入渓直後、立派な巨岩トンネルがあり景観としてはなかなか。さらに、簡単に巻けるが水線は難しそうな6m樋状滝が現れる。何とか頑張って2人ともフリーで突破。結構楽しい。
その後しばらくゴーロが続き、沢が屈曲して真南に向かい始める前あたりから、ナメが出てくる。傾斜した地層がそのまま滑床となっているのが、普通のナメとは違って興味深い景観。
ナメが終わると今度はプチゴルジュ。左のスラブから容易に巻けるが、ここはせっかくなので水線直登を狙う。2つの細い割れ目が特徴的な滝は容易に登り、次の5m滝は明らかに厳しそう。tamoshimaは巻こうかとも思うが、kumassiyがトライするというので見守ると、時間はかかったもののフリーで成功。それならばとtamoshimaもトライすると、kumassiyとは全然違うムーヴで登れた。なかなか面白い滝だった。

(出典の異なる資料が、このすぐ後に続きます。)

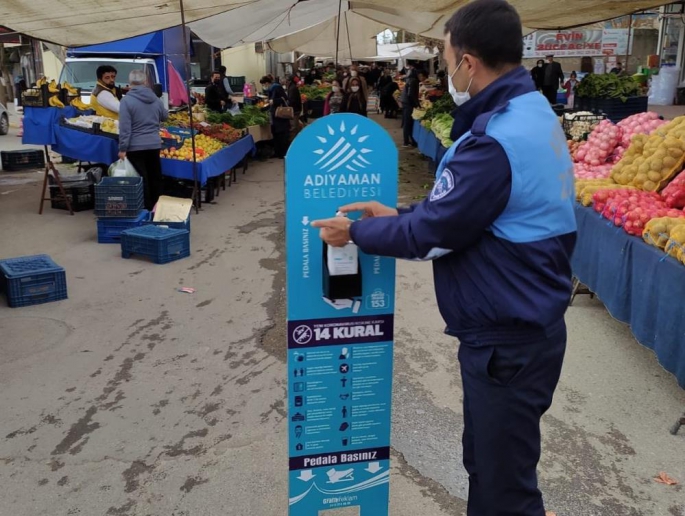 Zabıta ekipleri, pazarlarda denetimlerini sürdürdü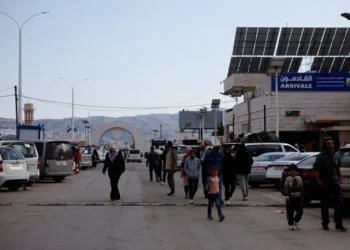 سوريا تغلق معبر جديدة يابوس أمام المغادرين بعد تحذير إسرائيلي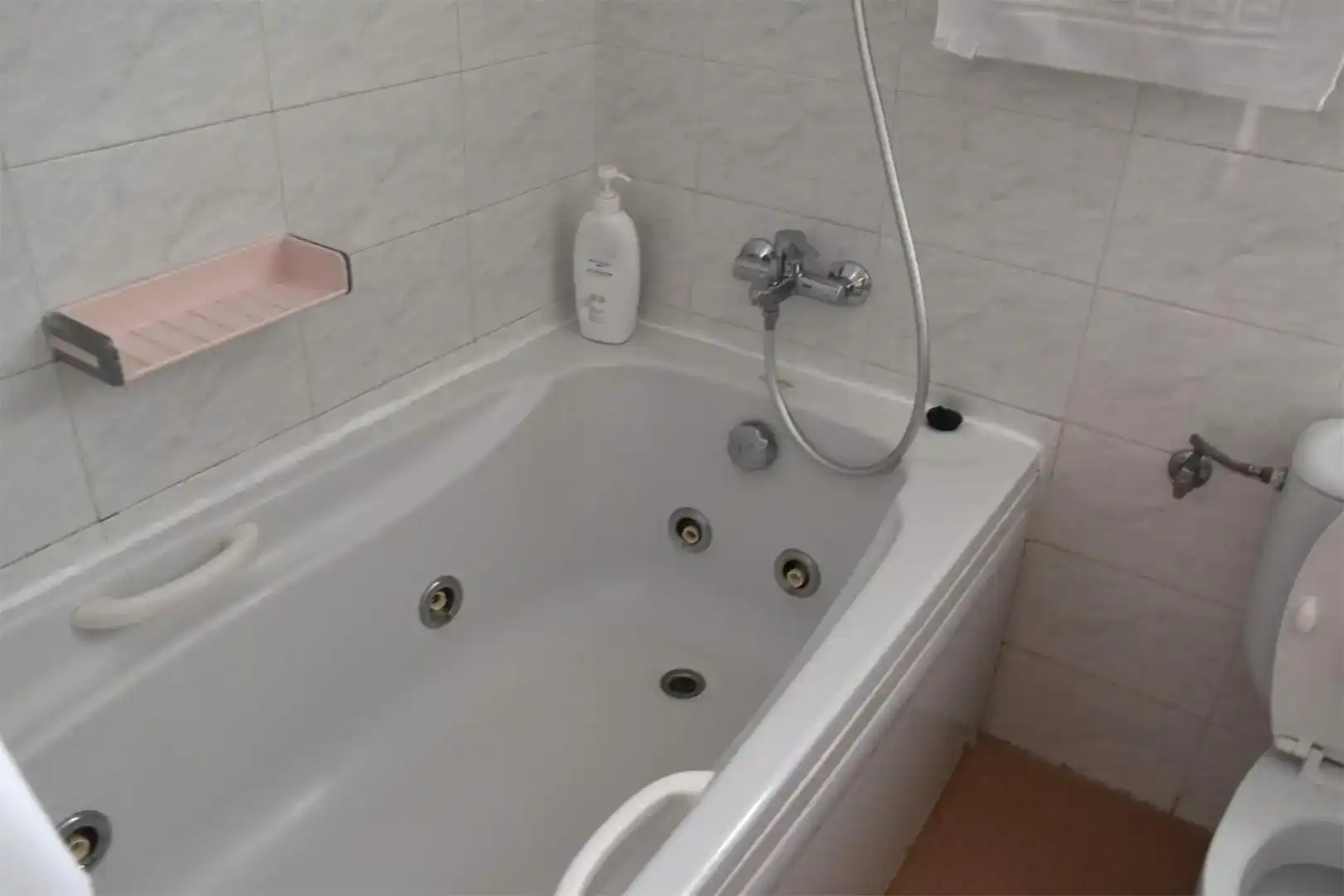 Bathroom of Flat for rent in Nerja  with Air Conditioner, Private garden and Swimming Pool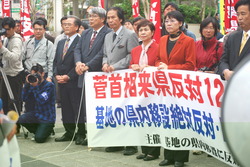 菅首相に抗議の缶たたき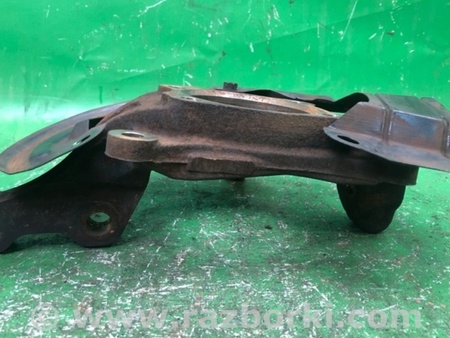 ФОТО Кулак поворотный для Mitsubishi Galant Киев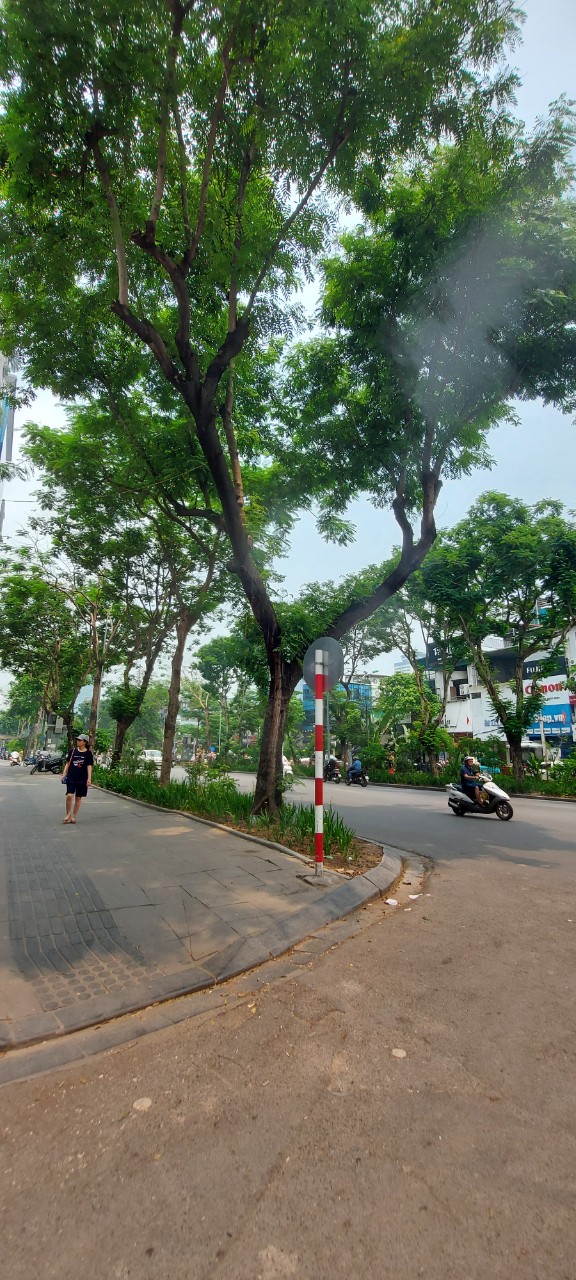 - Bán nhanh nhà khu vực Thái Hà, Đống Đa. Diện tích 110m2*5T, mặt tiền 7.5m, giá 18.5 tỷ.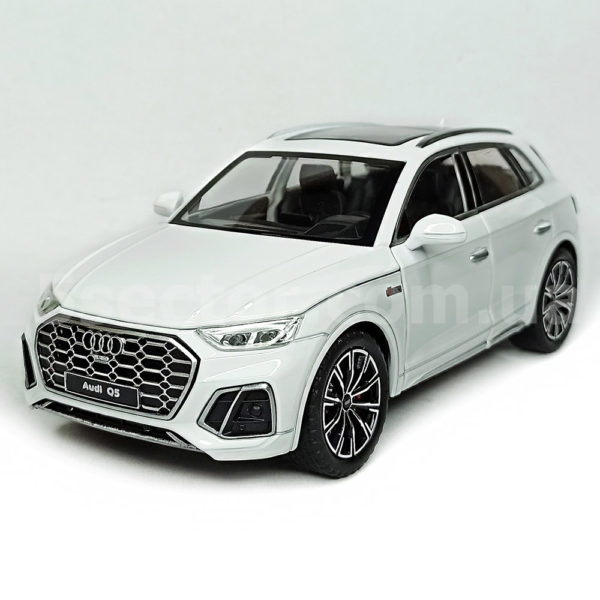 Audi Q5 S Line 45 TFSi Модель 1:24 Белый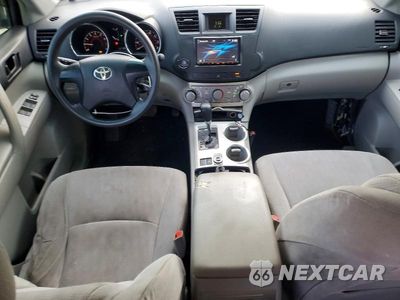 Zdjęcie 8 z 12 samochodu: 2011 TOYOTA HIGHLANDER BASE VIN:5TDZK3EH7BS044773 - miniatura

次の9m滝は釜が深く、美しい青さだが、滝の直登は叶わない。左岸支流の立派な28m滝の水を浴びながら、右から巻いて、懸垂下降で滝上のゴルジュへ。想像以上に立派なゴルジュで心躍る一方、突破できるのだろうかと、期待半分不安半分。
最初の5m樋状滝は突っ張って突破し、先を見ればザクロ谷を彷彿とさせるような、ゴルジュの細長い釜の奥に樋状10m滝。こんなの登れるのだろうかと不安になり、とりあえず退路を探すと、右岸から逃げることは出来そうで一安心。滝はkumassiyがリードしたいとのことで、空荷になって釜を泳いで取りつき、ゆっくりながらも順調に高度を上げていく。激シャワーを浴びながら1箇所エイドし、無事落ち口へ。荷上げは大変そうなので、tamoshimaは2人分の荷物を背負ってフォロー。kumassiyと同じところでA0し、無事突破。見た目も良くて登り応えもある、とても良い滝だった。
が、滝を登り終えて初めて姿を現す10m滝は、今登った滝以上に絶望的。これは駄目ではないかと早速側壁から逃げられないか探るが、それも駄目で、突破するか、懸垂下降で戻るかしかない。とりあえず、唯一可能性を感じられた左岸の斜上バンドに取りついてみるが、tamoshimaもkumassiyもドボン。しかし、多少の可能性を感じたので、tamoshimaはクライミングシューズに履き替えてトライ。すると多少は前進したが、またドボン。相変わらず可能性は感じるのでトライを続けると、4度目で良い位置にハーケンを打つことに成功、一旦セルフビレイを取って、ロープをつける。ここからはエイドするしかないが、良いクラックもリスもない。しかし、悪い態勢で薄いリスにラープをきめることができ、あぶみで一歩前進。すると、カムが決まるクラックが見つかり、さらにあぶみで前進。これで、スタンスのないセクションは越え、スラブに乗り移れた。あとは慎重にスラブを登り、落ち口へ。こんなに登り応えのある滝、滅多になく、素晴らしい。kumassiyもクライミングシューズでフォロー、深く決まっていたラープも無事回収できた。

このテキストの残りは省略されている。